Start of SOURCE MATERIAL

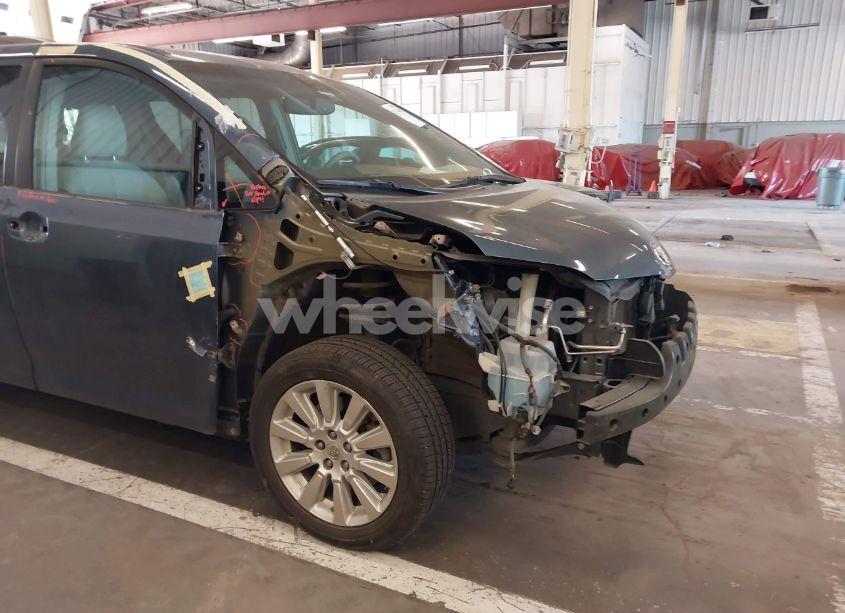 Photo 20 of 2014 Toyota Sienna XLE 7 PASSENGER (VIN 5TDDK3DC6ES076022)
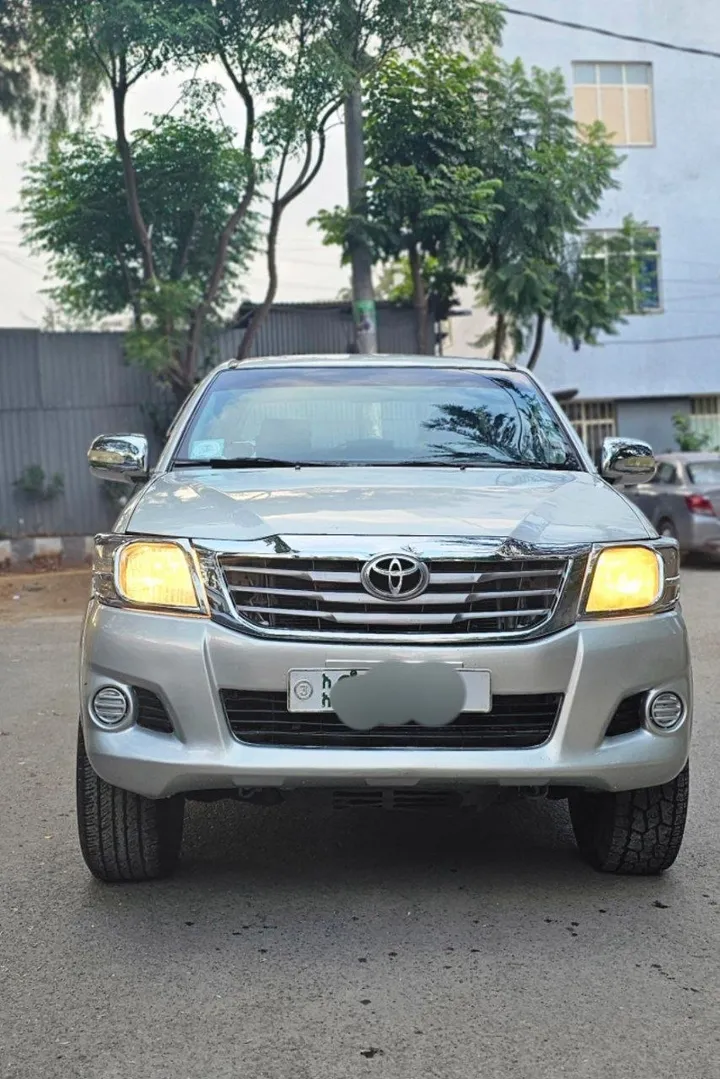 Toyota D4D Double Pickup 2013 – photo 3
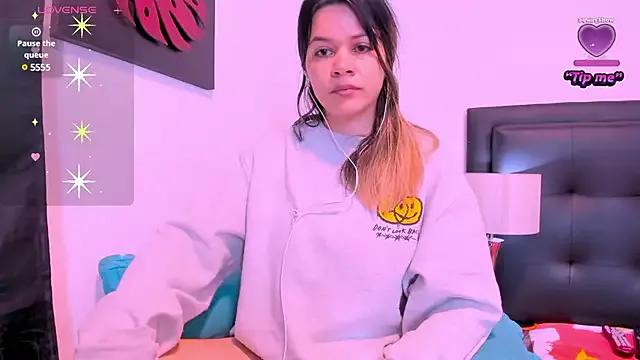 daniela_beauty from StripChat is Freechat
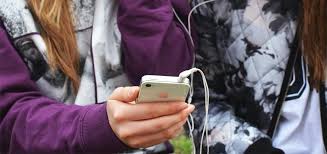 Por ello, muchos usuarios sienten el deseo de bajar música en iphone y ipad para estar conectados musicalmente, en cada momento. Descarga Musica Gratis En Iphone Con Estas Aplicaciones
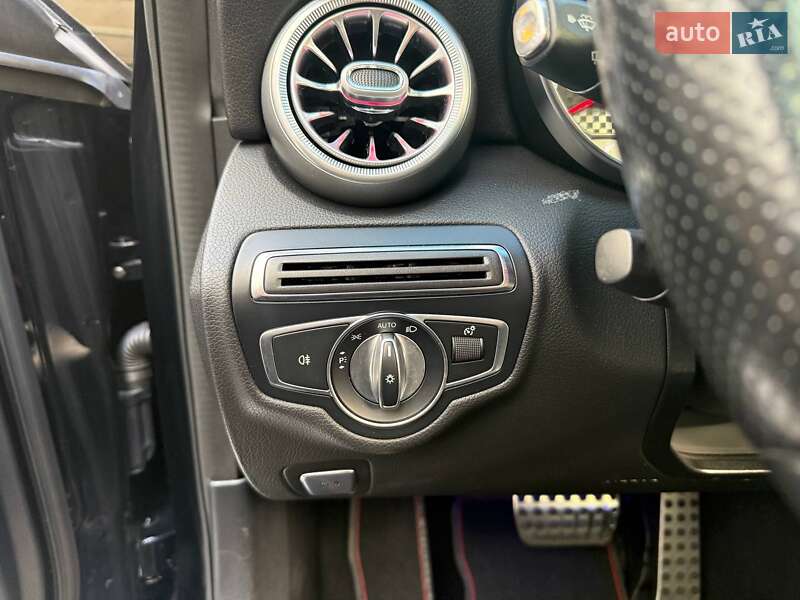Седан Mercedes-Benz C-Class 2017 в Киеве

End of SOURCE MATERIAL

• _WHAT IS REQUIRED_: No pictures belong in the copy. Transcribe every entry exactly.

• _RESPONSE BOX_:
 Photo 20 of 2014 Toyota Sienna XLE 7 PASSENGER (VIN 5TDDK3DC6ES076022)
 Toyota D4D Double Pickup 2013 – photo 3
 daniela_beauty from StripChat is Freechat
 Por ello, muchos usuarios sienten el deseo de bajar música en iphone y ipad para estar conectados musicalmente, en cada momento. Descarga Musica Gratis En Iphone Con Estas Aplicaciones
Седан Mercedes-Benz C-Class 2017 в Киеве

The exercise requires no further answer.